Towards Continuous Intelligence Growth: Self-Training, Continual Learning, and Dual-Scale Memory in SuperIntelliAgent
This addresses the challenge of lifelong learning for AI agents, though it appears incremental as it builds on existing methods like DPO and memory mechanisms.
The paper tackles the problem of enabling continual intelligence growth in agents by introducing SuperIntelliAgent, a framework that uses a trainable diffusion model and a frozen LLM verifier for self-supervised learning, resulting in improvements across benchmarks with a small number of automatically generated DPO pairs.

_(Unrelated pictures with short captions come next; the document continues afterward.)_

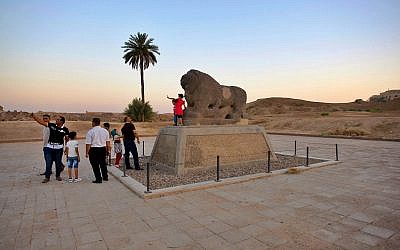 People stand near the Lion of Babylon at the archaeological site of Babylon, Iraq, Friday, July 5, 2019.. (AP Photo/Anmar Khalil)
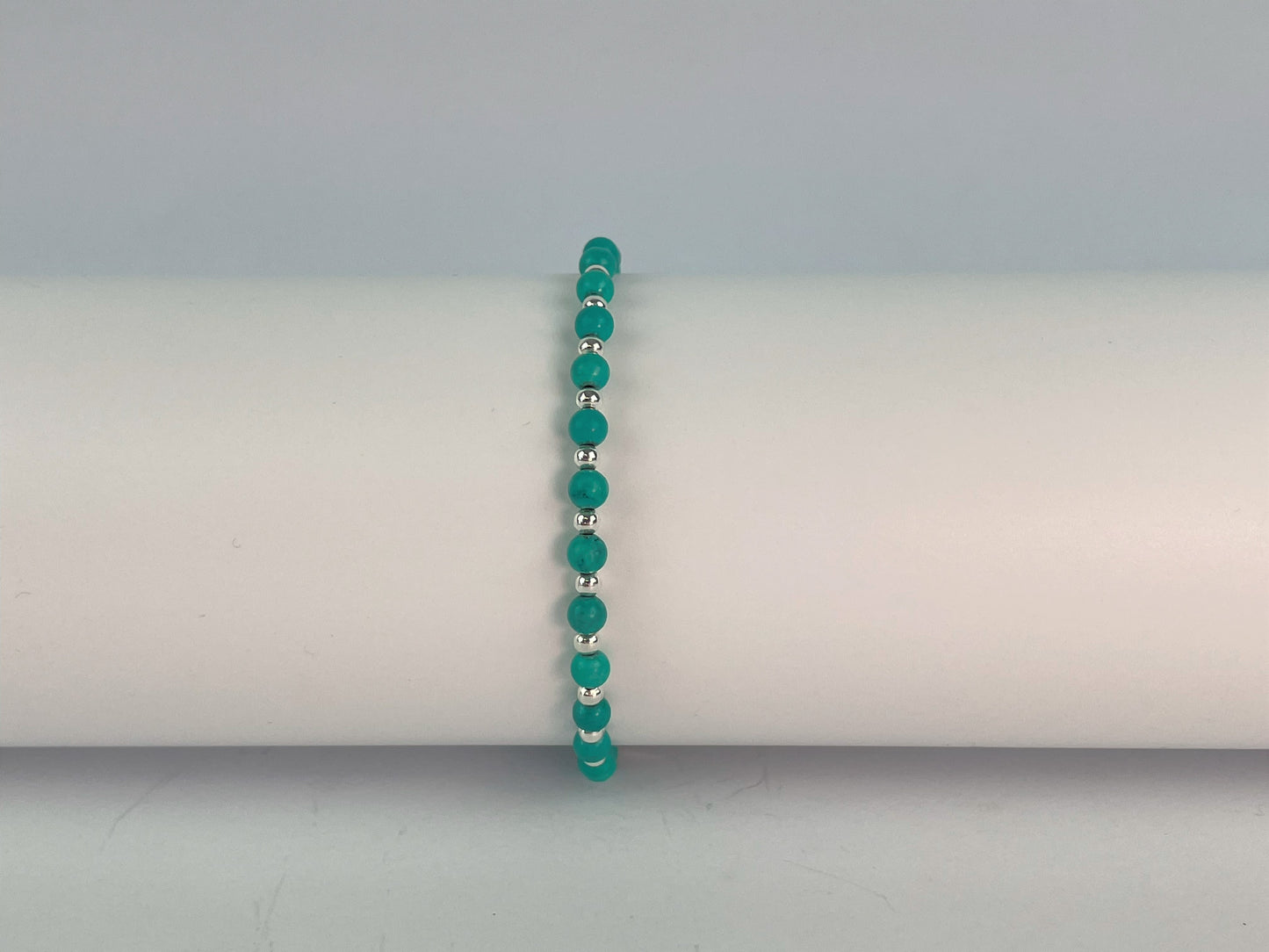 elasticated bracelet of turquoise and silver beads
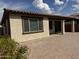 View of the backyard with patio, desert landscaping, and an awning at 7046 N 84Th Dr, Glendale, AZ 85305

We introduce SuperIntelliAgent, an agentic learning framework that couples a trainable small diffusion model (the learner) with a frozen large language model (the verifier) to enable continual intelligence growth through self-supervised interaction. Unlike conventional supervised fine-tuning, SuperIntelliAgent learns autonomously without annotation: the learner generates candidate outputs, the verifier evaluates them through step-by-step reasoning, and their interaction produces chosen/rejected pairs for Direct Preference Optimization (DPO). This converts each input into a pseudo-training signal for continual improvement. The framework integrates dual-scale memory: short-term in-context memory that preserves reasoning traces across refinement cycles, and long-term memory that consolidates acquired knowledge through lightweight on-the-fly fine-tuning. A replay buffer retains samples that show verifiable progress and replays them as auxiliary supervision, reinforcing recent learning while forming adaptive curricula. SuperIntelliAgent is infrastructure-agnostic and can be plugged into existing agentic frameworks while turning ordinary inference loops into a lifelong optimization process. We posit that pairing a trainable learner with a reasoning-capable verifier forms a minimal reliable unit of growing intelligence, as paired feedback and partial-history replay yield richer learning curricula and stronger preference alignment. With a small number of automatically generated DPO pairs, the learner improves across all benchmarks, indicating that this mechanism provides a promising direction for continual intelligence accumulation and real-world deployment.